Mary Ann Grossmann, St. Paul Pioneer Press:

 

"If you are thinking about writing memoir or creative nonfiction, consider Laurie Hertzel's memoir your textbook. ... This involving story is both tender and amusing.... Read 'Ghosts of Fourth Street' for Hertzel's way with storytelling and for getting to know her colorful family." Dec. 14, 2025, Sec. E page 4


Kirkus:

 
A large, unhappy Minnesota family endures an unthinkable tragedy.
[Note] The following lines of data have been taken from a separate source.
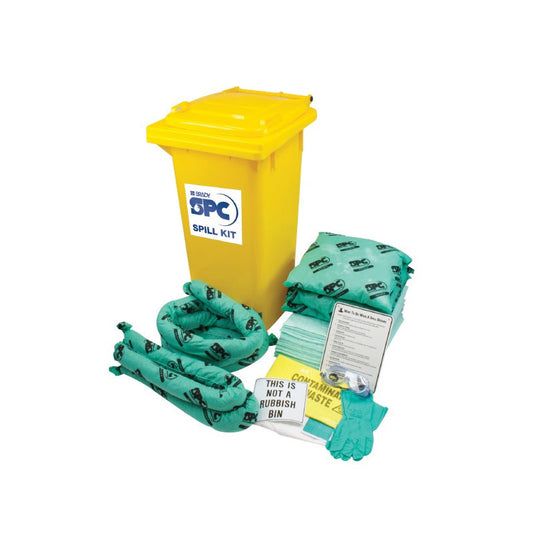 Small Mobile Spill Kit - General Maintenance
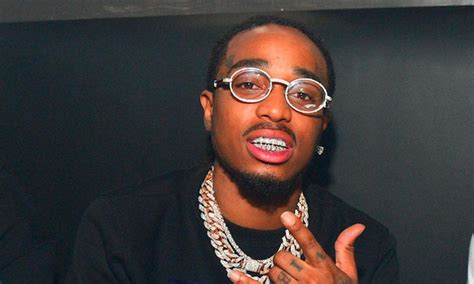 Quavo Drops New Album "Quavo Huncho" | Listen - Urban Islandz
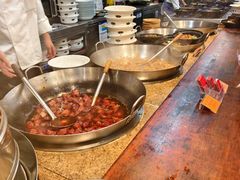 -梁家大院•农家菜(昆山会展中心店)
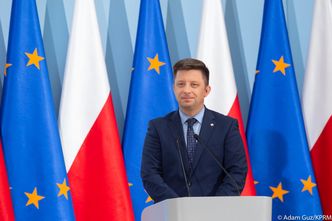 Konferencja rządu. 8 mln podanych dawek szczepionki w Polsce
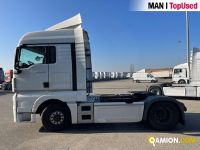 Man TGX TGX | Altro Altro | MAN Truck & Bus Italia S.p.A.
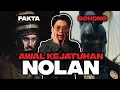 Lagu GAK SESUAI SEJARAH, NOLAN DIHUJAT‼️ REVIEW “THE ODYSSEY”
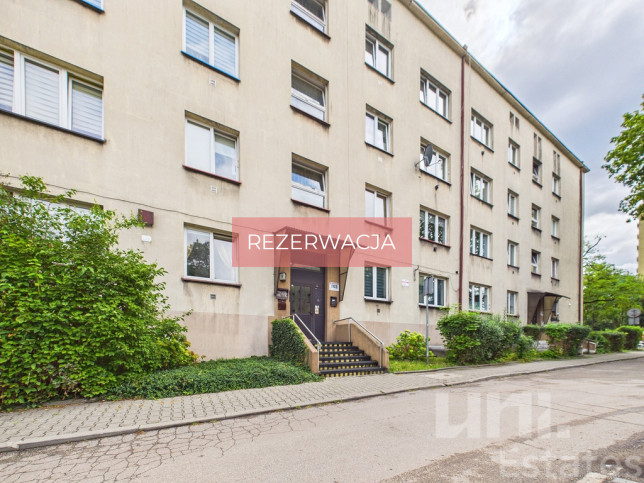 Mieszkanie Sprzedaż Zabrze gen. Charlesa de Gaulle'a 14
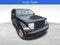 2011 Jeep Liberty Sport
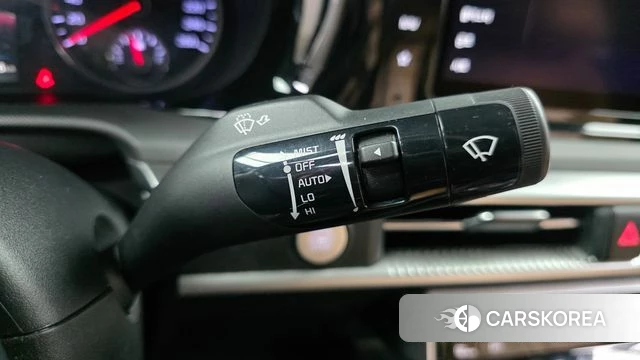 Kia K5 3rd generation id 3935602 из Кореи 9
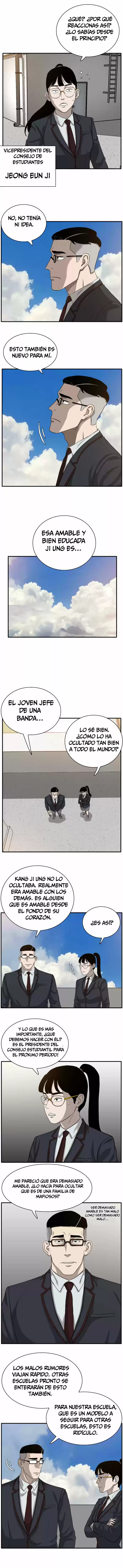 A Bad Boy - Capítulo 18 - Página 9 - LectorTMOo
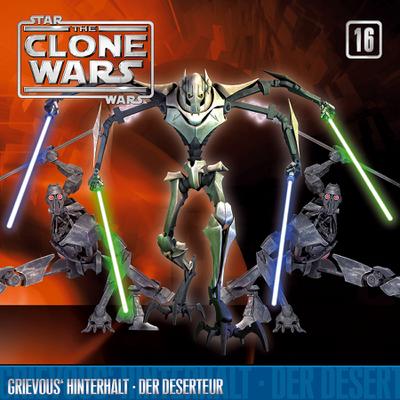 Star Wars: The Clone Wars 16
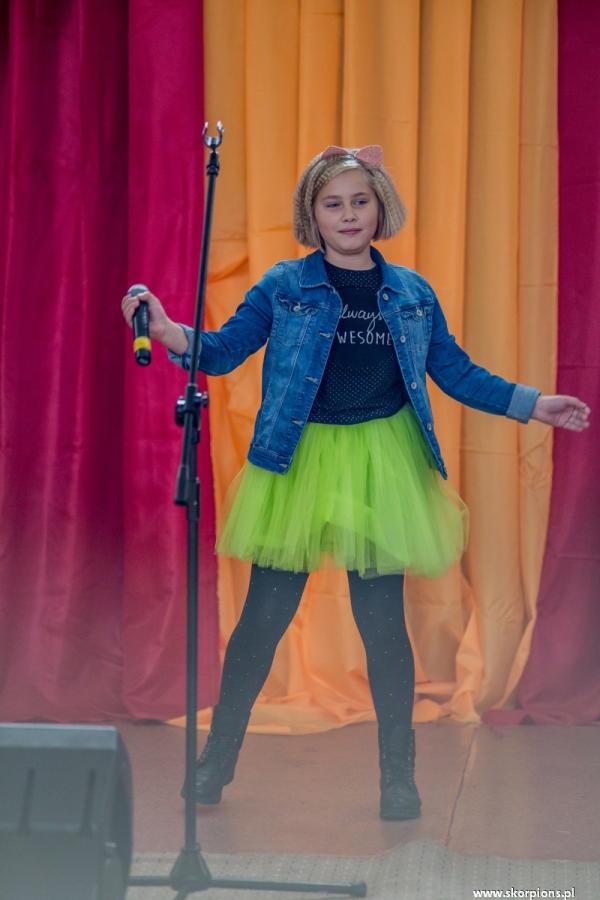 V edycja Festiwalu Talentów 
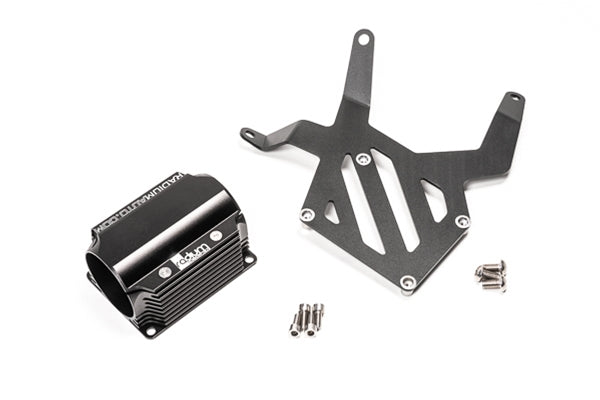 Radium Engineering Fuel Filter Mount - 2013-2026 Subaru BRZ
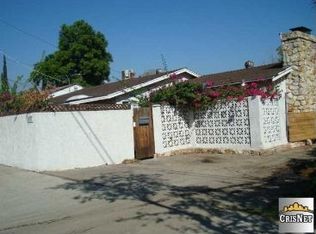 7842 Coldwater Canyon Ave, North Hollywood, CA 91605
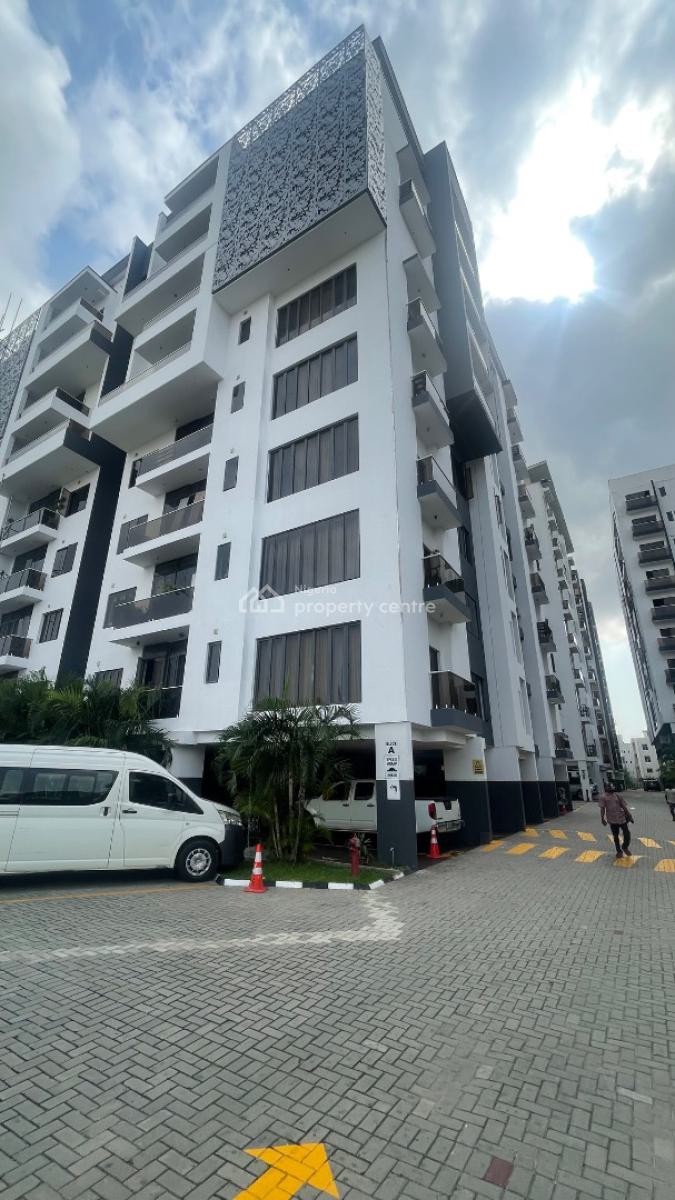 4 Bedroom Apartment, Banana Island, Ikoyi, Lagos, Flat / Apartment for Rent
As the seventh of 10 children, little Laurie Jo was "a watcher more than a doer"—and she grew up, naturally enough, to be a journalist. But "[w]hat I have written here is not journalism," she tells us. "It is not the story any of my siblings would tell." If they would tell it at all, that is, for the drowning death of her oldest brother, Bobby, in 1966 was immediately cloaked in silence. In her version, the author deftly accesses a child's-eye quality of observation to illuminate and sweeten the account of a midcentury Midwestern childhood that was often cold and dark, both literally and figuratively. As she points out, "Large families create their own societies, with their own rules and cliques and punishments. In our family, there were three groups: the Big Kids, the Three Little Kids, and, between them, me, a clique unto myself." Though theirs was "a house of chaos," the Hertzels were never a jolly, rambunctious Cheaper by the Dozen-type ensemble—the unhappiness of both parents, the superstitiousness and rigidity of the family culture, and even the freezing, snowy Duluth winters combined to keep a lid on spirits. In fact, one of the few times anyone really laughs in the book is in its final scene, where Laurie and her little brother, Evan, are baking cookies in one of the deadly quiet evenings that followed Bobby's demise. "Everyone else was upstairs, behind closed doors, as far away as they could be, or gone. The floorboards above our heads creaked, the walls cracked from the cold outside; sometimes it felt as if the entire house was going to fly apart. The wind moaned in the chimney like ghosts." The pair work themselves into an uncontrollable fit of giggles reading limericks and pretending to be spies from a favorite novel, striking a note of hope and light among the ghosts.

The wide-eyed, endearing little girl at the heart of this tale movingly shows us how children metabolize loss.

Pub Date: March 31, 2026

ISBN: 9781517920784
Page Count: 152

Publisher: Univ. of Minnesota
Review Posted Online: Nov. 22, 2025

Kirkus Reviews Issue: Jan. 1, 2026

 

 

"Laurie Hertzel lifts the trapdoor and invites us into a mid-century American childhood teeming with snowclouds and striving siblings, restive phantoms, dark sulks and merry feasts. Ghosts of Fourth Street is well-honed and achingly generous—its central tragedy will stick in my chest a long time."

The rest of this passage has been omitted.